ACTIVITY - Print exactly the lines of the listing below from the one containing "A modern living" through the final line, both included, and no pictures.

RECORD EXCERPTS -
----------
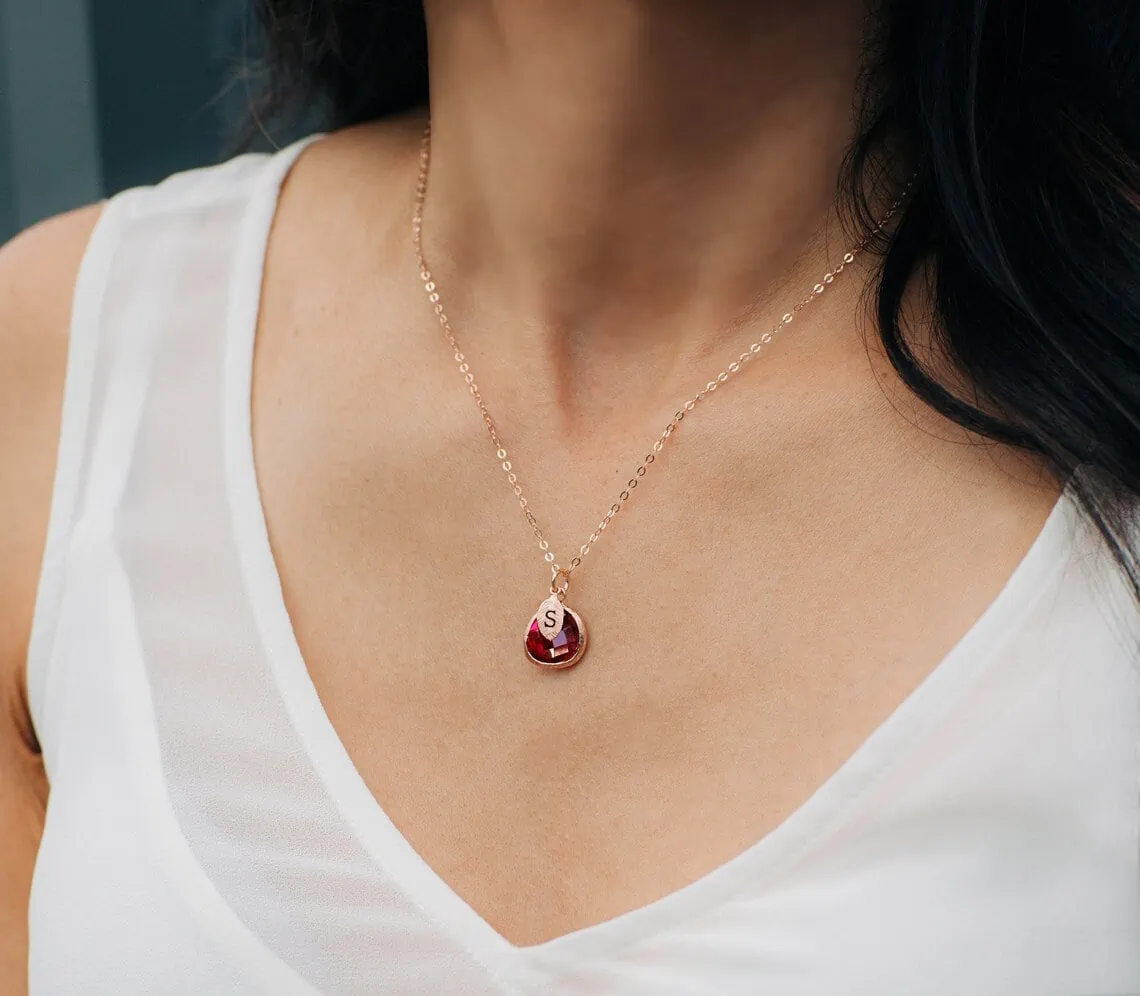 personalized ruby necklace on the woman's neck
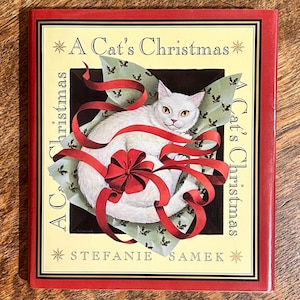 May include: A hardcover book titled "A Cat's Christmas" by Stefanie Samek. The cover features a white cat wrapped in red ribbon and a bow, set against a background of holly leaves. The book has a red border.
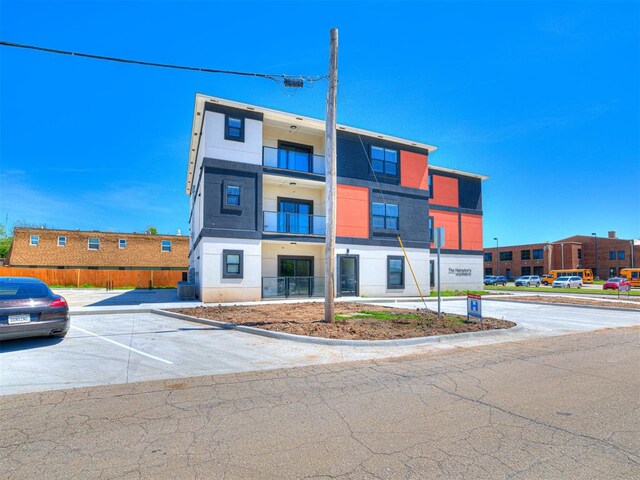 103 E Edwards St, Edmond, OK 73034 - view of property featuring uncovered parking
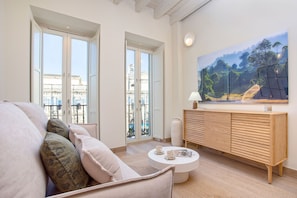 A modern living room with a sofa, a coffee table, a wooden cabinet, and a large painting on the wall.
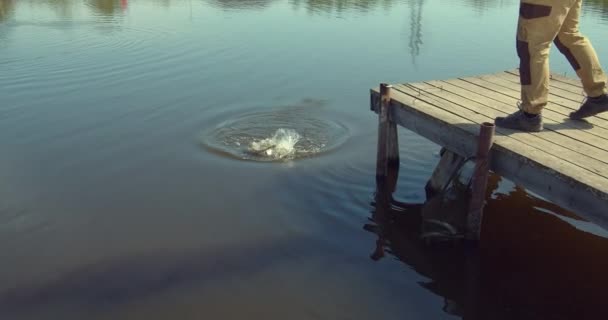 Uomo pesca sul molo di legno vicino al lago — Video Stock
----------
TASK SOLUTION -
 A modern living room with a sofa, a coffee table, a wooden cabinet, and a large painting on the wall.
 Uomo pesca sul molo di legno vicino al lago — Video Stock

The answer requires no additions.